§ **Your task**: If a line of the listing contains the string "horas", return that line.

[[ Data extracts open ]]

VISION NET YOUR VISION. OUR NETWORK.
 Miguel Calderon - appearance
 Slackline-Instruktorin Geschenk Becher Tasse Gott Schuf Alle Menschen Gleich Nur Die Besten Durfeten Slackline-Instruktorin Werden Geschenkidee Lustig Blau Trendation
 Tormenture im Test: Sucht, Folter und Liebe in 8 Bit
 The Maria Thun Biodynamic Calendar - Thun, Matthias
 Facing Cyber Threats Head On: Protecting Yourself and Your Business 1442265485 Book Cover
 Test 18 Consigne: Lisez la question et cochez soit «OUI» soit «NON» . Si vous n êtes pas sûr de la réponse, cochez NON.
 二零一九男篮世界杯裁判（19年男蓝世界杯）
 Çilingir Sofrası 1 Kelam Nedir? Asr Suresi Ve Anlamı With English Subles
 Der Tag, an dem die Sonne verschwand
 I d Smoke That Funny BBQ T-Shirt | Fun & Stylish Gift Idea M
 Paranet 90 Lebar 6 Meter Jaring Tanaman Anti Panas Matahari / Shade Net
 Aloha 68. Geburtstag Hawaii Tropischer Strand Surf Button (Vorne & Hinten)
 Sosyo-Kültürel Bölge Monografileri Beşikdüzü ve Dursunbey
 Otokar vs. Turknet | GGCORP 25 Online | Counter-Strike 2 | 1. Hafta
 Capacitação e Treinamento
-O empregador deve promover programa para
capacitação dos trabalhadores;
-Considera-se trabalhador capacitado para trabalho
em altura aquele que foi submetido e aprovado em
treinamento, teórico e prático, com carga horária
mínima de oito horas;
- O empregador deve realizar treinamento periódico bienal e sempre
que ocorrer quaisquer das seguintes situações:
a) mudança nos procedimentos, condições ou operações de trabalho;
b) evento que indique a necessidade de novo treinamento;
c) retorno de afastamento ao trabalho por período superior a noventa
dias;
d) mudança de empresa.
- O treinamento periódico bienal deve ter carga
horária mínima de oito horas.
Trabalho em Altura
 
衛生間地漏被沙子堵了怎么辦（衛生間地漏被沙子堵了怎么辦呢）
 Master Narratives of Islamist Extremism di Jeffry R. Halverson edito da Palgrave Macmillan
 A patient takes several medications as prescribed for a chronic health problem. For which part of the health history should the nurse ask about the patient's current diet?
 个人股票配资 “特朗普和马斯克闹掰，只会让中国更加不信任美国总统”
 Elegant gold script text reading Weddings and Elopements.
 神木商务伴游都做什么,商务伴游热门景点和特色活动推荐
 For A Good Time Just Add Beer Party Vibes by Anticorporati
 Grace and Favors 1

[[ Data extracts closed ]]

§ **Response for this exercise**:
mínima de oito horas;
horária mínima de oito horas.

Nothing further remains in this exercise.